As for "saturation", yeah. In the last three years, the number of Missouri state issued concealed carry licenses (note any state's is good, and many are cheaper) in my county has almost doubled, to the point where 5% of the age eligible adults have one. And the 19-20 age range has only been eligible for about a year, while those getting them are largely the older, age and less ability to defend yourself + the Baby Boomers entering retirement age is a major driver.

42-3 states have "shall issue" concealed carry regimes, and California and Hawaii look to be following soon (it's being litigated, but some large population counties have already thrown in the towel); the Supremes could extend that to all states. In the last 4 years, Chicago went from nobody but the anointed being allowed to own handguns to shall issue concealed carry and more than a few incidents of legal self-defense with them.... Etc. etc.


Point being that if it ever goes Red Dawn whoever is doing the invading is going to have a rough time of it. We ['muricans] shoot a lot. We even hit stuff occasionally :|


Indeed; per the misattributed Yamamoto Isoroku quote, "You cannot invade the mainland United States. There would be a rifle behind every blade of grass."


What wars are you thinkint of? No snark, just curious.

I was thinking of the invasion of Western European countries during the second world war, but those are just the first ones that came to mind. Weaponry easy enough to come by (especially during an actual shooting war), but civil uprising and rebellion relatively sparse.

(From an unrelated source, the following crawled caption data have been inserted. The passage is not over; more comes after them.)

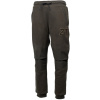 Nash Tepláky Zero Tolerance Wind Chill Joggers Varsity S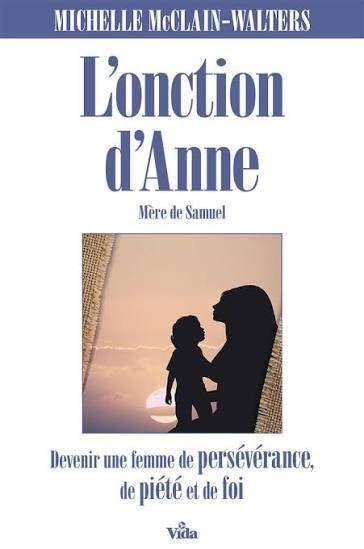 Anne : une âme brisée par la tristesse, Boeken, T. Hadley, Christendom | Protestants, Ophalen, Gelezen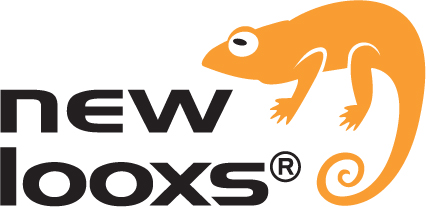 new-looxs-logo-fietscorner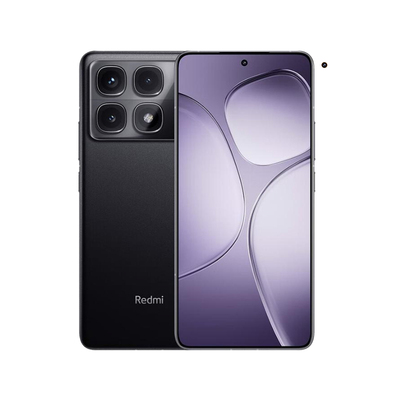 红米RedmiK70至尊版严选优品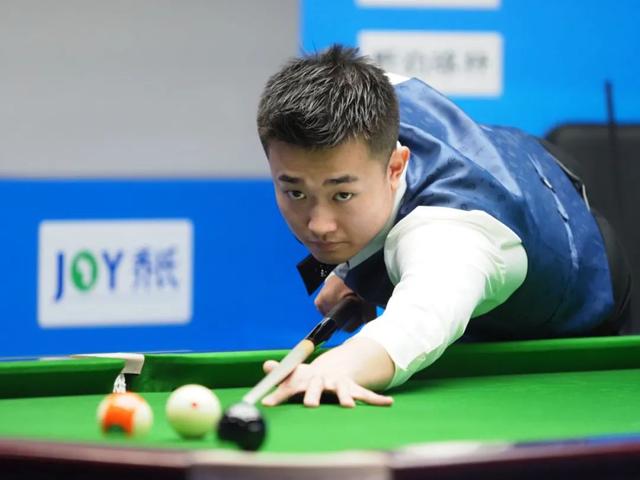 的双结合打 的双结合打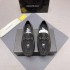Summer adult casual 2023SS business shoes ARMANI Armani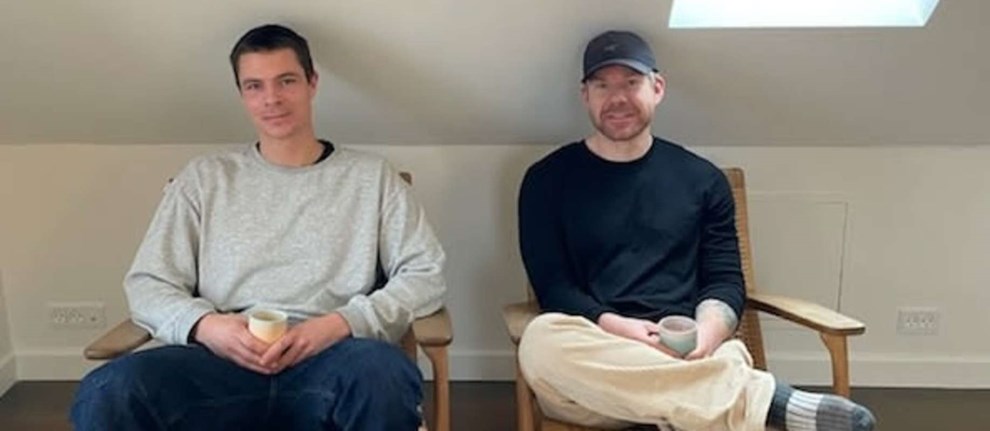 Gravgaard: Giv medvind til skaterne 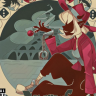 DerfyRed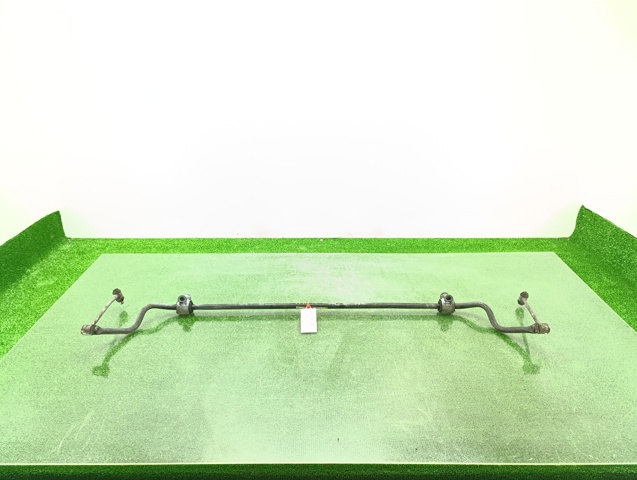 A2053260165 Mercedes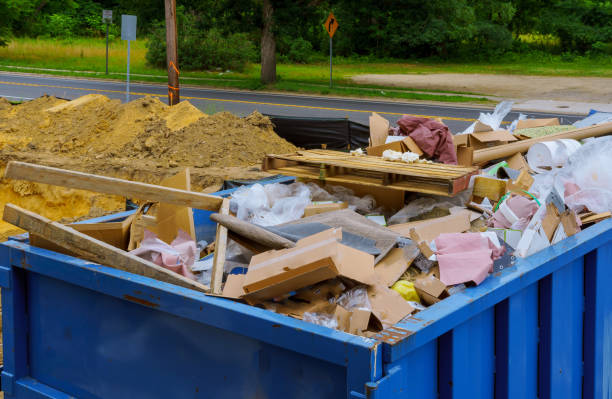Best Affordable Junk Removal Services  in Lexington, NE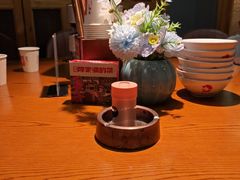 -陈家婆的菜(梅溪湖店)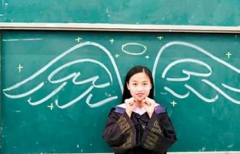 重庆一女孩大学4年打工赚20万帮父母买房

I think there is a difference between the weapons technology available today v. what was available in the 1930's. Many regulars went into battle with WWI era weaponry. The civilian arms complement was even older in many cases.

An interesting example of a 'heavily' armed society in WWII would be the Balkans region. Germany was smart; short of paras and specialist, they left the chekist and partisans to slaughter each other [sewing the seeds of the 90s conflict] as well as their Jewish populations.

To date, i can think of no example of a well/heavily armed society being invaded. There really aren't that many to pick from.